— Prompt —
Omit all pictures, then retype exactly the lines from the one that contains "Oversized Cotton Long-Sleeve Shirt - Image 1" through the end of the listing.

---------------

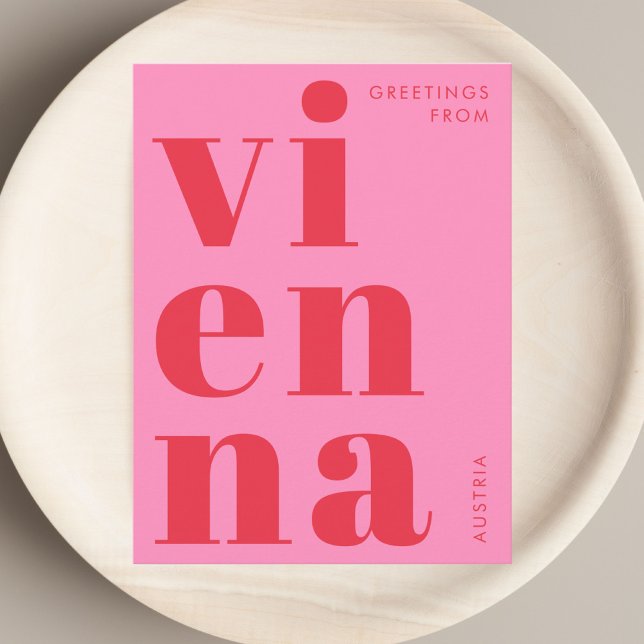 Vienna Austria red pink typography Postcard (Creator Uploaded)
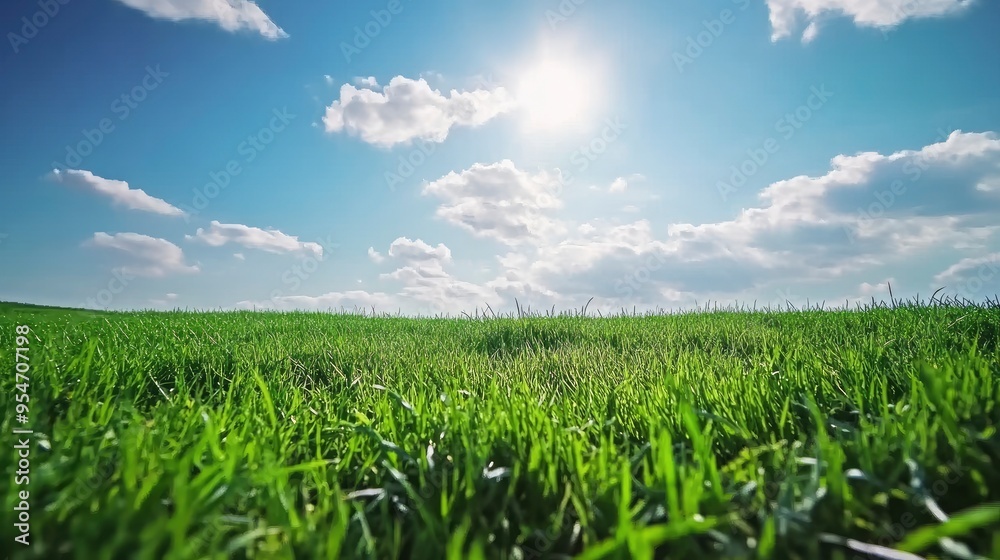 Beautiful natural scenic panorama green field of cut grass into and blue sky with clouds on horizon. Perfect green lawn on summer sunny day with generative ai Beautiful natural scenic panorama green field of cut grass into and blue sky with clouds on horizon. Perfect green lawn on summer sunny day with generative ai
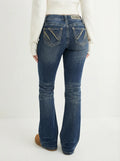 Embroidered Y2K Flared Denim Jeans (S) yv.vintage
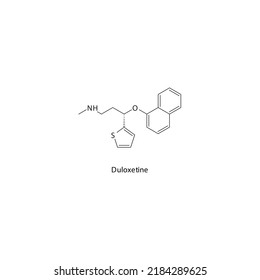 Duloxetine molecule flat skeletal structure, SNRI - Serotonin norepinephrine reuptake inhibitor class drug used in depression, fibromyalgia, neuropathic pain. Vector illustration on white background.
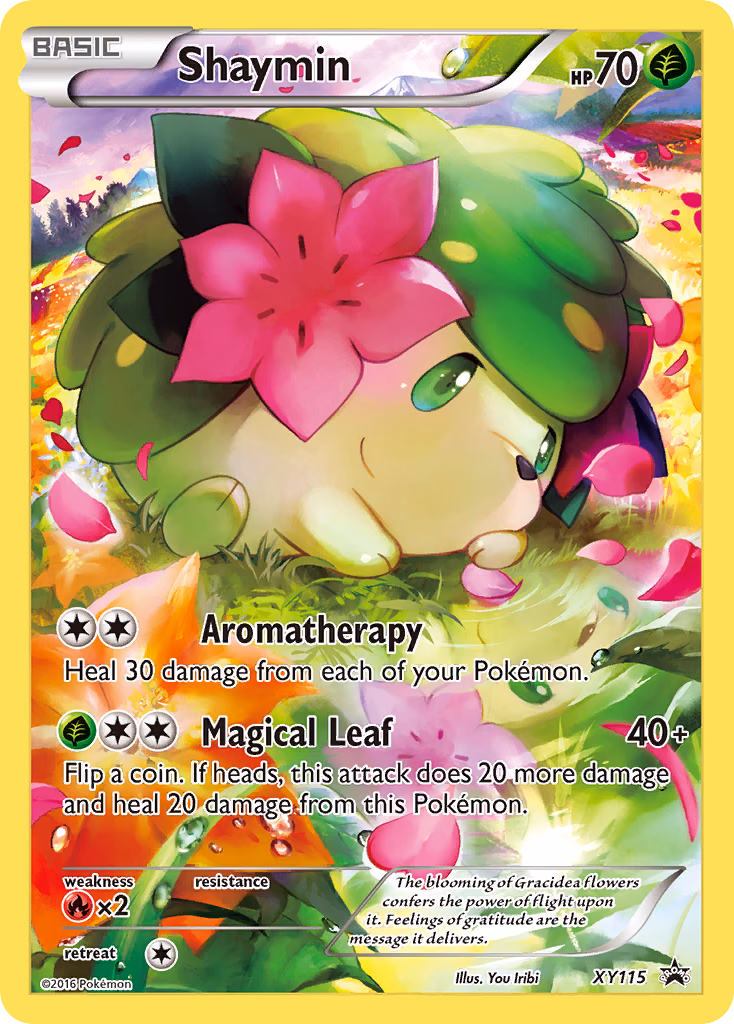 Shaymin Pokemon card (XY115, XY Black Star Promos)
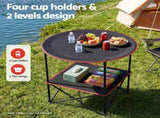 Weisshorn Folding Camping Table with 4 Cup Holders Metal Oxford 73CM Black XFEL-CAMP-4CUP-WD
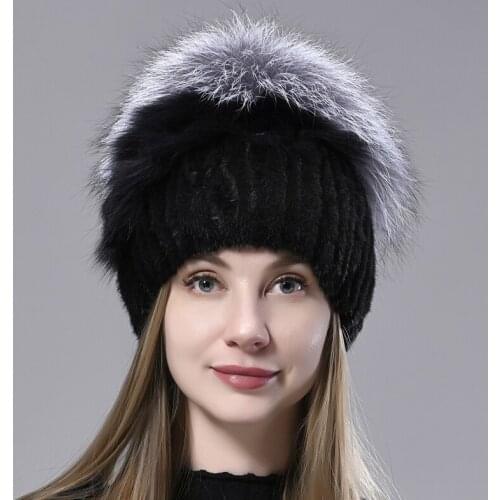 Women Hats Winter Natural Fox Fur Cap Hand Sewing Knitted Real Mink Fur Stylish Warm Fashion Female Genuine Fur Hats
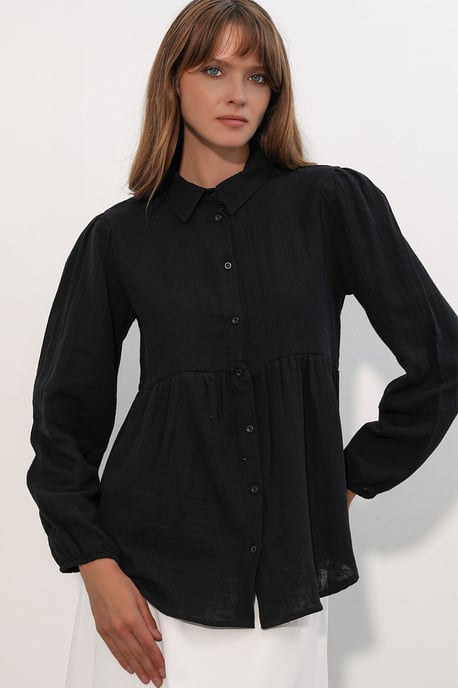Oversized Cotton Long-Sleeve Shirt - Image 1
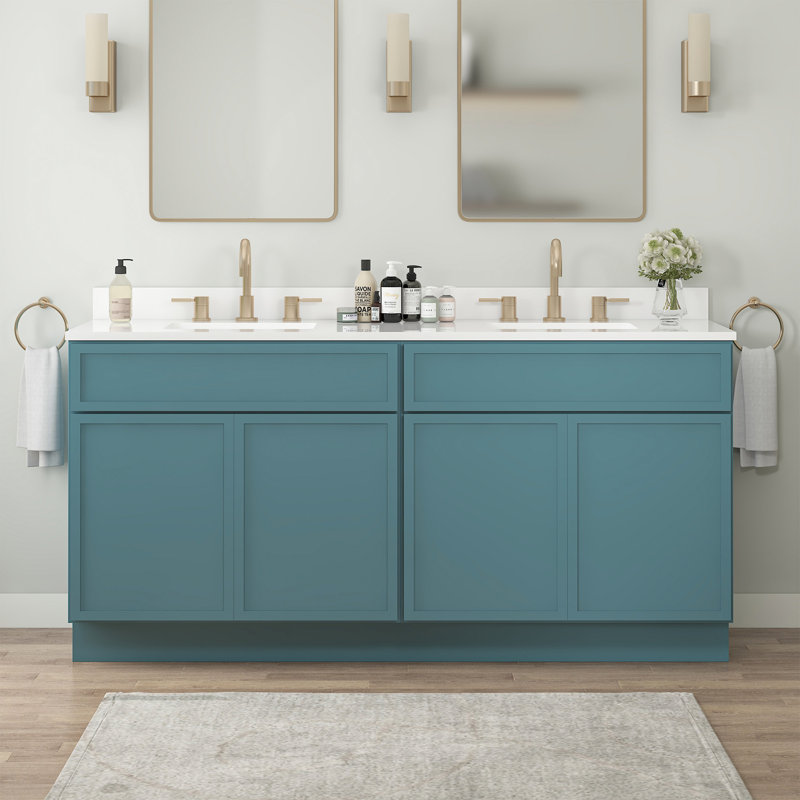 66" Double Bathroom Vanity Base Only, Teal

---------------

— Task response —
Oversized Cotton Long-Sleeve Shirt - Image 1
 66" Double Bathroom Vanity Base Only, Teal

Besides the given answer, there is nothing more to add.